**To do**
Repeat exactly the line with "Última etapa: la dicha de la isla" and each line after it to the end of the data below; pictures stay out.

**Source data**
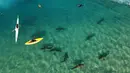 Seorang Kayakers dan penyelam bebas mengamati hiu Sandbar di laut Mediterania dekat kota pesisir Israel utara Hadera, pada 30 Desember 2022. Fenomena khusus ini menarik orang untuk kesempatan langka mengamati dari dekat hewan liar. (Photo by JACK GUEZ / AFP)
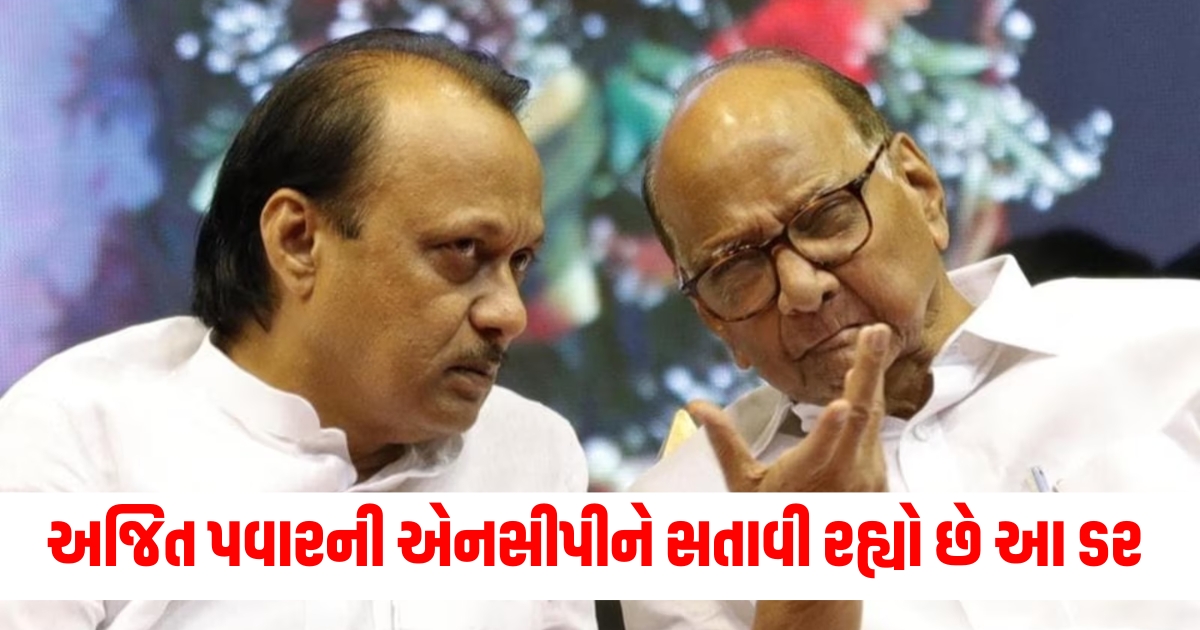 ajit pawar led ncp wants no personal comment on sharad pawar said wont tolerate 3245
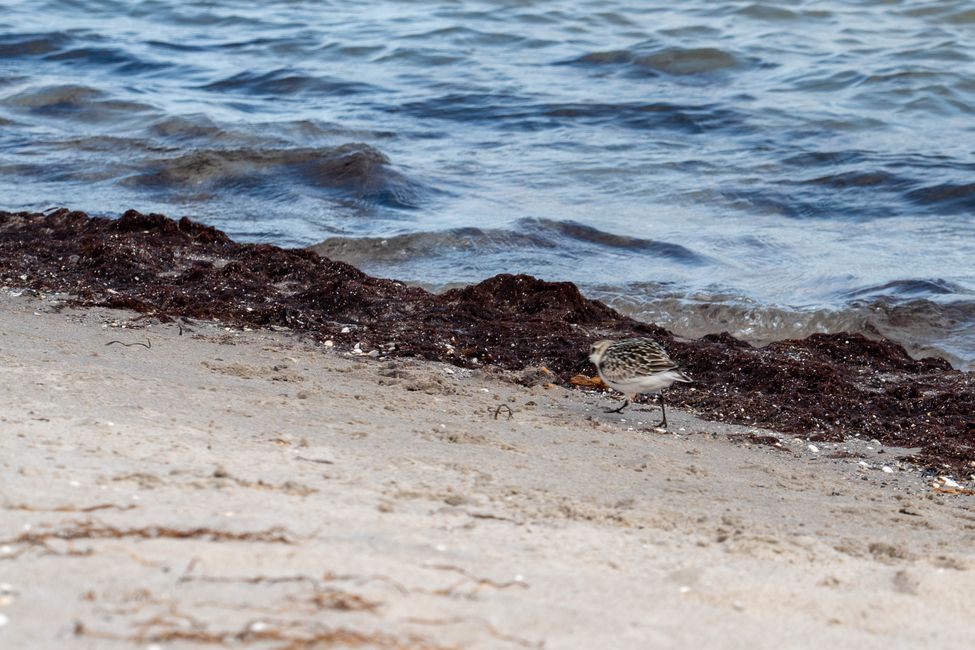 Última etapa: la dicha de la isla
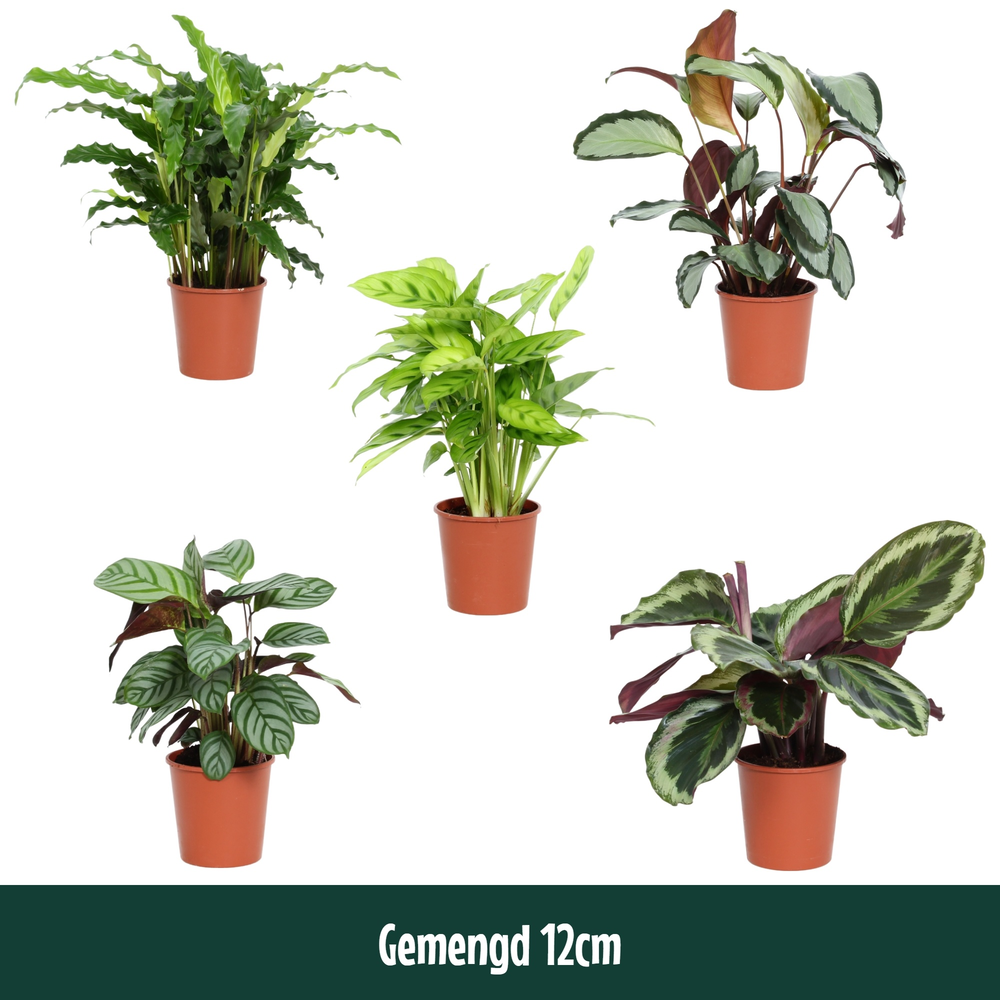 Calathea 12cm gemengd.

**Response below**
 Última etapa: la dicha de la isla
 Calathea 12cm gemengd.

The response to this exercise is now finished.